J-2 avant la date fixée par la direction pour aboutir à un accord avec les navigants sur les mesures de hausse de productivité prévue dans le cadre du Plan Perform. Et J-3 avant la tenue du conseil d'administration d'Air France-KLM le 1er octobre où la direction fera le point de l'état des négociations aux administrateurs. Rebelote le lendemain, vendredi 2 octobre, devant le conseil d'Air France cette fois.

Des annonces le 5 octobre

Le temps de laisser passer le week-end et le lundi 5 octobre, le PDG d'Air France, Frédéric Gagey, annoncera au Comité central d'entreprise (CCE) de la compagnie française le scénario retenu. Sur le papier il n'y a que deux options. Elles ont été présentées le 4 septembre au CCE: l'application du Plan Perform, en cas de négociation avec les syndicats, ou, à défaut, un plan B d'attrition de l'activité accompagné d'un plan de suppressions de postes (massif), réparti entre licenciements secs et plans de départs volontaires.

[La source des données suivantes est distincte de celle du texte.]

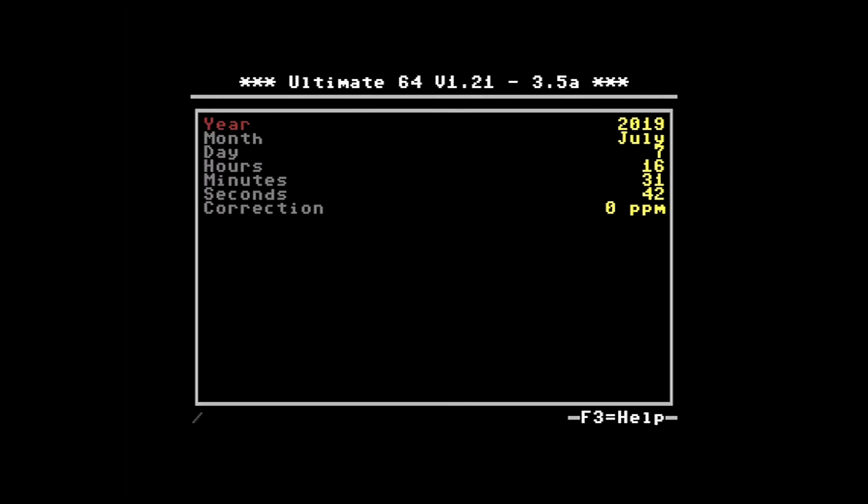Back into the menu. Clock settings. Why would we want the clock settings on a Commodore 64? It's not essential to run the Commodore 64 software. However, if you want correctly timestamped files saved on your USB stick, then you'll need to set the time and date here.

Vu l'état des négociations, l'annonce de ce dernier scénario tient la corde.

Peu (voire pas) de chance d'arracher un accord avec les pilotes

Car, sauf un improbable miracle auquel plus personne ne croît en interne, les négociations ne devraient pas donner grand chose font valoir plusieurs proches du dossier.

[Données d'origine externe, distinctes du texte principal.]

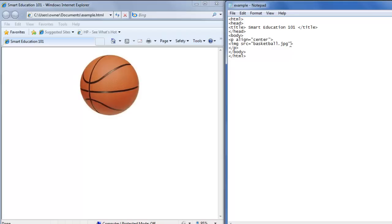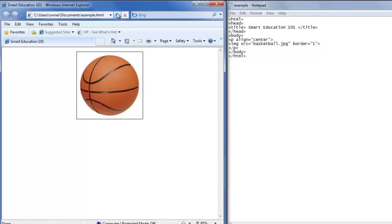Now we want a border around our image. So inside the image tag, we'll type border equals double quote one double quote. Save it, refresh our page and there we have a border around our basketball.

C'est une certitude depuis longtemps pour les PNC (personnels navigants commerciaux), dans la mesure où deux des trois syndicats représentatifs, le SNPNC et l'UNSA PNC, ne se rendent même pas aux réunions de négociations.

Le même profile également avec les pilotes. Les réunions de ce lundi et de ce mardi entre la direction et le SNPL, le syndicat national des pilotes de ligne, ont peu de chance de débloquer la situation. Les divergences entre les deux parties sont trop fortes, et les négociations trop récentes, puisqu'elles n'ont débuté que le ....18 septembre dernier.

Déjà, il faudrait que la direction et le SNPL partagent la nécessité de faire des efforts. Or pour le SNPL, il n'y a aucune urgence. Le redressement d'Air France n'impose en rien de s'aligner sur le calendrier de la direction. Dans ces derniers tracts du 25 septembre, le syndicat balaie d'un revers de la main tous les arguments de la direction mais aussi des analystes, sur l'état d'Air France. Pour le SNPL, la situation d'Air France n'est pas si mauvaise.

"Avec Perform, les pilotes entrent dans le monde réel"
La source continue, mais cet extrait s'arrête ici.